Beaucoup plus que par la sévérité, en les flattant et les récompensant à bon escient, nous obtenons facilement : obéissance et discipline. »

 

LA RÉCRÉATION

L'heure de la récréation retardée par la pluie, était enfin venue.

En bon ordre, les enfants sortaient des classes chauffées, venaient se ranger dans le couloir et, au commandement, revêtaient leurs manteaux pour, sur deux rangs, se mettre en marche et gagner la cour.

 

Après être passés « au petit coin » où, pour aider les plus petits, les attendaient deux jeunes femmes de service, vêtues de blouses blanches, les enfants furent enfin lâchés.

 

Ce fut d'abord un grand cri d'allégresse, une course folle en tous sens, dans un brouhaha assourdissant.

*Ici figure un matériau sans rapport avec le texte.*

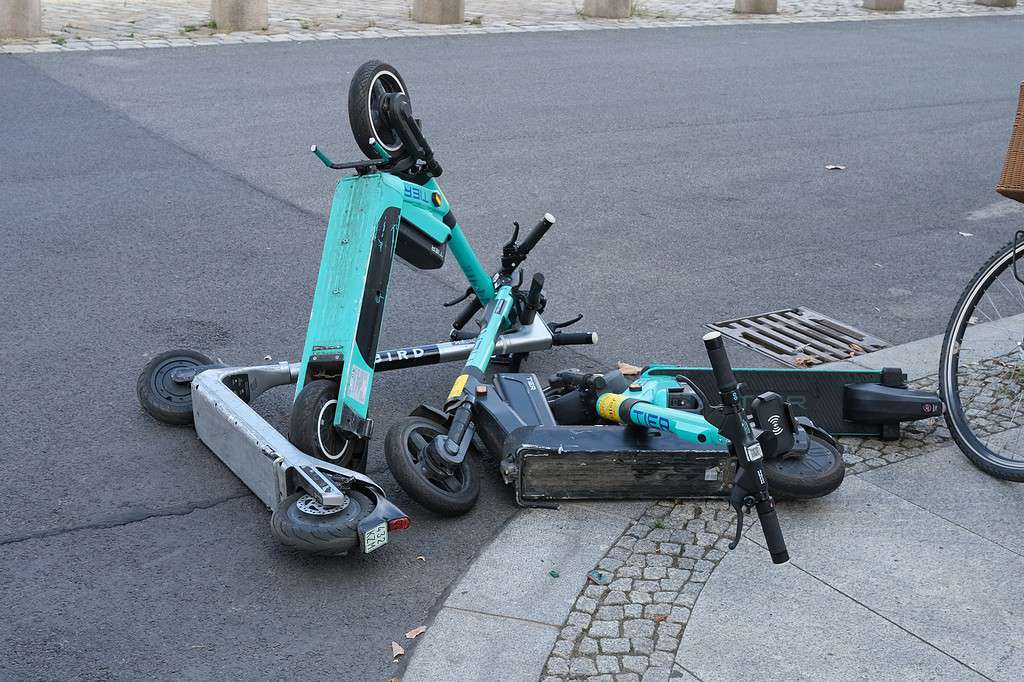 Electric scooters can be dangerous rides if proper safety precautions aren't taken.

Puis des garçons allèrent chercher des cerceaux.

Des fillettes organisèrent des rondes :

Dansons la capucine

Y a pas de pain chez nous,

Y en a chez la voisine

Mais ce n'est pas pour nous.

Piou-ou-ou

 

Ce « pi-ou » qui les faisait s'accroupir, semblait surtout les amuser et la ronde reprenait sous l'œil indulgent des surveillantes.

 

À grandes enjambées, d’autres se tenant par le bras, parcouraient la cour dans toute sa largeur, en s'époumonant à chanter :

À la no-ce

Du cousin Bobo-sse.

 

Tout à coup, sans raison, partait d'un groupe un cri strident.

Les autres y répondaient par un hurlement ;

une folie collective semblait s'emparer de toute la bande, se mettant subitement à courir en se heurtant, se bousculant jusqu'au signal qui mit fin à la récréation.

 

Instantanément le calme fut rétabli.

Les classes reprirent.

Les maîtresses contèrent de belles histoires, écoutées religieusement.

C'était la récompense attendue d'une journée de travail et de sagesse.

 

Déjà, dans le vestibule les mamans attendaient et, quand sonnèrent 4 heures tout ce petit monde franchit la grande porte de l'école pour rentrer chez lui en racontant aux mamans attentives les « plaisirs » de la journée, sans se douter que l'école maternelle était l'antichambre, le prélude de la grande école où commenceraient bientôt pour eux, les soucis de la vie studieuse.